### ASSIGNMENT
Below are the records; return exactly the lines from the one with "Test Lampe De" through the final line, both included, minus any pictures.

------------------------

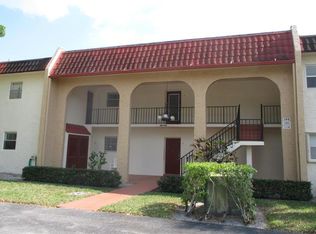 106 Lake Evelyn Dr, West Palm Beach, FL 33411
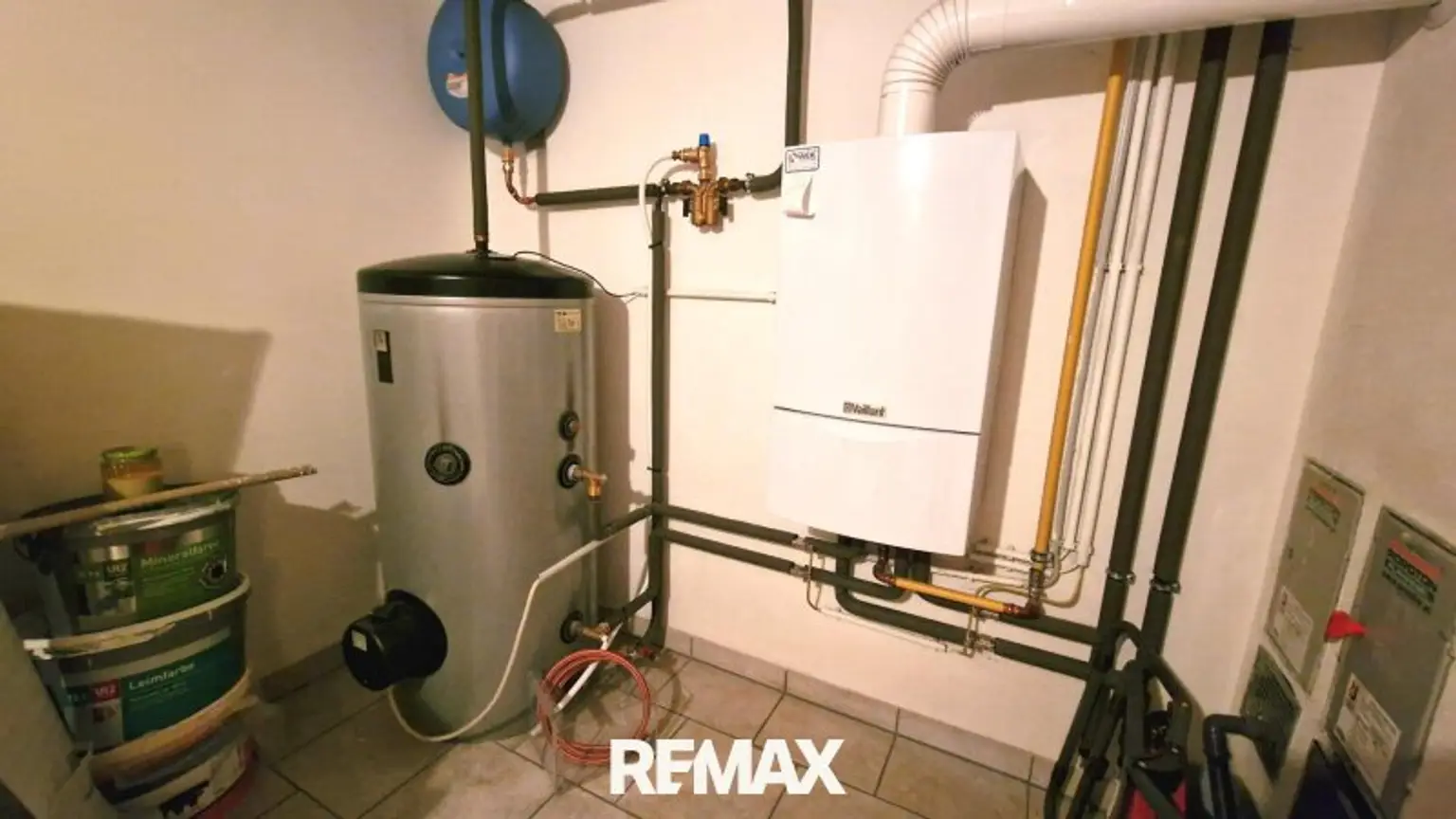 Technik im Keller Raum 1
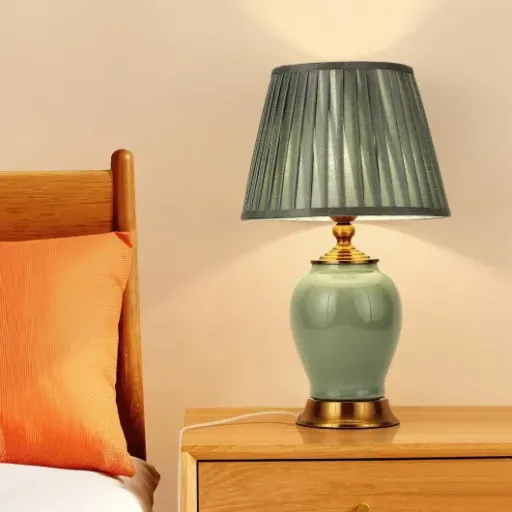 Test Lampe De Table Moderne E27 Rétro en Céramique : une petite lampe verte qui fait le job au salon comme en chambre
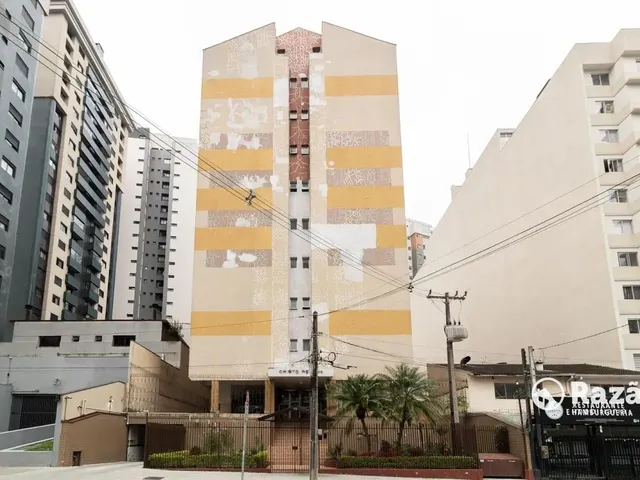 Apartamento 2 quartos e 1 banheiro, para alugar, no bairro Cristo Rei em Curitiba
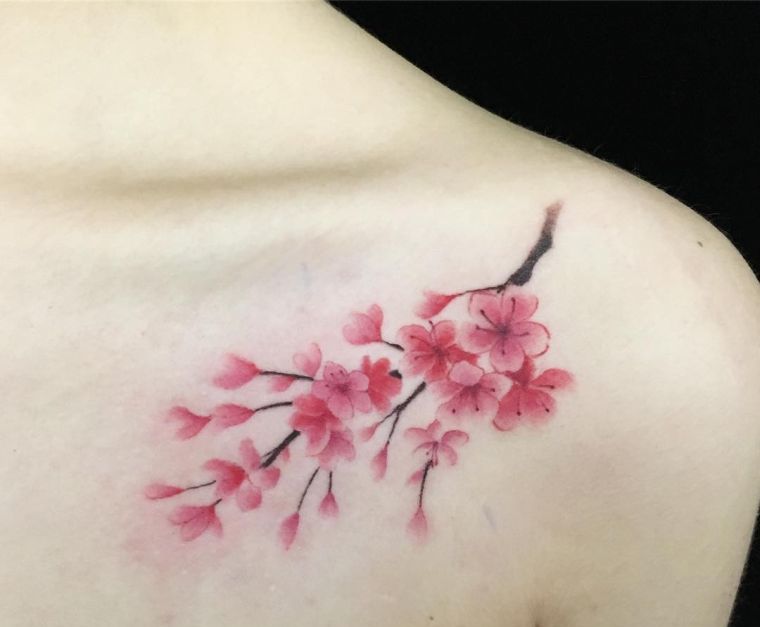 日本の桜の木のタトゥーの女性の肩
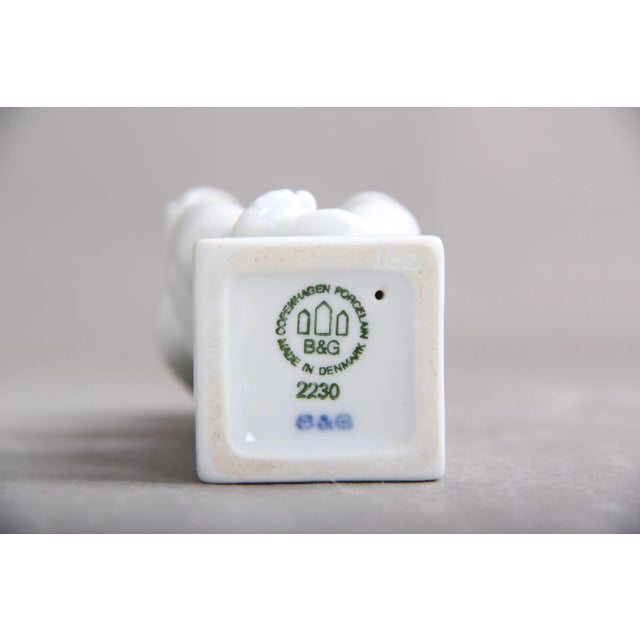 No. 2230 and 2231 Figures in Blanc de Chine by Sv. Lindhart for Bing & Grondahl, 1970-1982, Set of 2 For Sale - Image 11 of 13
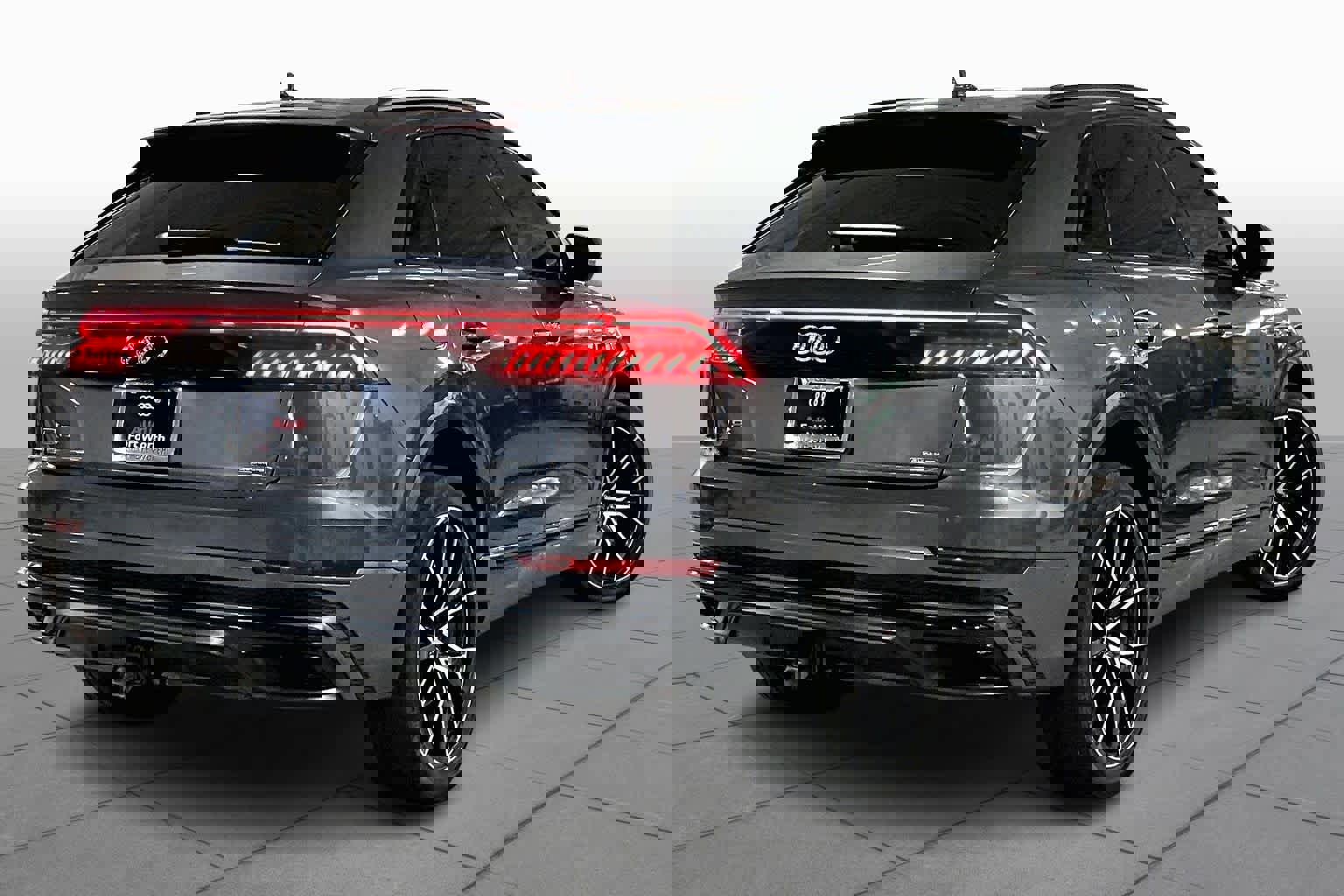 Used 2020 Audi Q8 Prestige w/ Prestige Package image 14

------------------------

### ANSWER SPACE
 Test Lampe De Table Moderne E27 Rétro en Céramique : une petite lampe verte qui fait le job au salon comme en chambre
 Apartamento 2 quartos e 1 banheiro, para alugar, no bairro Cristo Rei em Curitiba
 日本の桜の木のタトゥーの女性の肩
 No. 2230 and 2231 Figures in Blanc de Chine by Sv. Lindhart for Bing & Grondahl, 1970-1982, Set of 2 For Sale - Image 11 of 13
 Used 2020 Audi Q8 Prestige w/ Prestige Package image 14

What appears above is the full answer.